Now, I must admit: I am very excited about 3D modelling. As a person who lvoes 3D printing, I was very excited this week to dip a toe into the process of scanning a real object, making it digital, and then setting it up with the potential to be 3D printed! My dreams can become a reality! As a musicologist, there aren’t a lot of ways I can immediately find this useful, as 3D printed instruments tend to work questionably at best and I don’t know of any other solid objects closely related to musicology. For art history, however, I can see so many ways in which this could be useful! As a method of complicating discussions surrounding aesthetics and historical reproduction, 3D scanning and modeling can certainly act as a research tool.

Briefly, Though, I would like to describe my experience using scanning technology. The program itself is fairly intuitive, which is something that pleasantly surprised me. With our former work on networks showing us some complicated software interfaces, my hopes weren’t high. But, as the software frays out sections you don’t need at the beginning, I found that very helpful. I’m easily overwhelmed by tons of options ad buttons with no clear usage, so this was intuitive for me. Uploading the images of the side of Person Hall on the UNC campus was straightforward, and the software walks you through uploading th eimages, creating preliminary dots, and expanding that to more dots anbd mesh, and finally creating the 3D model in rudimentary and later, more advanced detail. Even putting the texture back on the model was relatively easy! Most of these steps took just a few clicks. I’m very pleased with the finished product. Once a project is finished, it can be exported to PDF for presentational use, which I also found helpful.

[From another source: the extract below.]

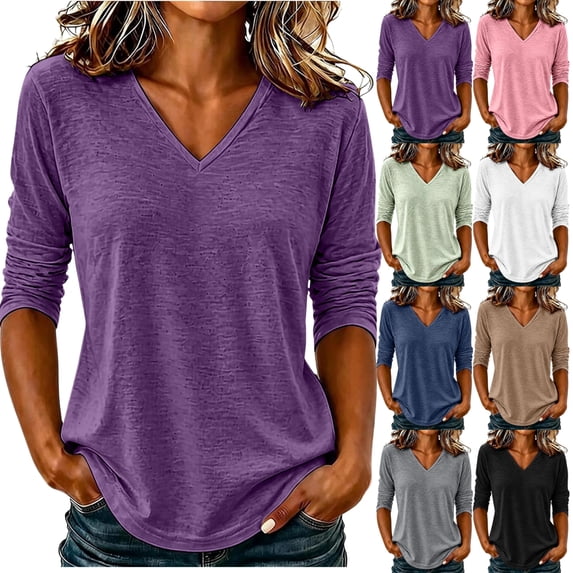Fengactive Womens V Neck Top Long Sleeve Slub Texture Relaxed Fit Casual Basic Tee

The Agisoft Photoscan software worked alright for my own personal project, but not as well as the demo we did in class. I had a really difficult time figuring out how to get it to recognize all of the photos even though there was overlap. I sectioned out parts and removed them from the picture to eliminate confusing shadows that might mess with the software, but did not have much luck. Regardless of if I had an all-white or all-black background, the program still would not recognize about half of my pictures, at best. I spent a while trying to figure out these issues, to no avail. Below is the best that I could do with the antique pencil sharpener I used as my object. I followed the directions as best as I could, and still wound up with a sharpener that looks more like shrapnel.

Directions:

  • No wide or fisheye lenses, JPG is fine
  • Send photos in orginial resolution to your phone
  • Avoid smooth, shiny, mirror, or transparent objects – hair too
  • Avoid unwanted foregrounds
  • Avoid moving objects within the scene
  • Avoid flat objects or scenes. Don’t edit the photos
  • Take as many pictures as you can. Try doing entire circle high, straight on, and low
  • Object should take up entire area possible
  • Overcast days are great for this – if you can’t get soft light, get golden hour. No flash
  • Keep camera straight on for the object, which means you do the moving
SjarpenerDownload

I’m interested to learn the next steps that take it from 3D model to printed object – from what I understand, there are quite a ew more steps to get it to that stage in meshlab or another software. That in and of itself is daunting, but I’m very excited and up to the challenge. My biggest concern for 3D modeling is understanding the implications of 3D images as research and pedagogical tools. I’m so excited to use and create with this software, and I feel like my need for creativity is making me so excited that it’s crowding my ability to be critical of 3D modeling on a higher level. I think that will come with more time and experience!